Our study empirically confirms the cognitive bias risks embedded in LLM agents.
It highlights the complexity and importance of debiasing AI agents.
- Score: 4.65004369765875
- License:
- Abstract: Can AI be cognitively biased in automated information judgment tasks? Despite recent progresses in measuring and mitigating social and algorithmic biases in AI and large language models (LLMs), it is not clear to what extent LLMs behave "rationally", or if they are also vulnerable to human cognitive bias triggers. To address this open problem, our study, consisting of a crowdsourcing user experiment and a LLM-enabled simulation experiment, compared the credibility assessments by LLM and human judges under potential decoy effects in an information retrieval (IR) setting, and empirically examined the extent to which LLMs are cognitively biased in COVID-19 medical (mis)information assessment tasks compared to traditional human assessors as a baseline. The results, collected from a between-subject user experiment and a LLM-enabled replicate experiment, demonstrate that 1) Larger and more recent LLMs tend to show a higher level of consistency and accuracy in distinguishing credible information from misinformation. However, they are more likely to give higher ratings for misinformation due to the presence of a more salient, decoy misinformation result; 2) While decoy effect occurred in both human and LLM assessments, the effect is more prevalent across different conditions and topics in LLM judgments compared to human credibility ratings.
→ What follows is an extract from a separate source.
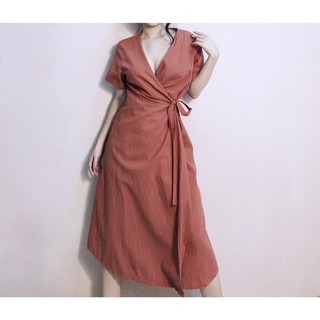Đầm midi xô linen đắp vạt cột dây cam đất
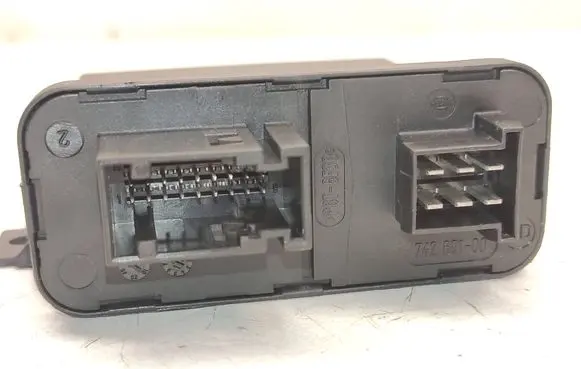 Opel Insignia A Xenon control unit/module 13350670 5DF00904164 13285677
In contrast to the generally assumed "rationality" of AI tools, our study empirically confirms the cognitive bias risks embedded in LLM agents, evaluates the decoy impact on LLMs against human credibility assessments, and thereby highlights the complexity and importance of debiasing AI agents and developing psychology-informed AI audit techniques and policies for automated judgment tasks and beyond.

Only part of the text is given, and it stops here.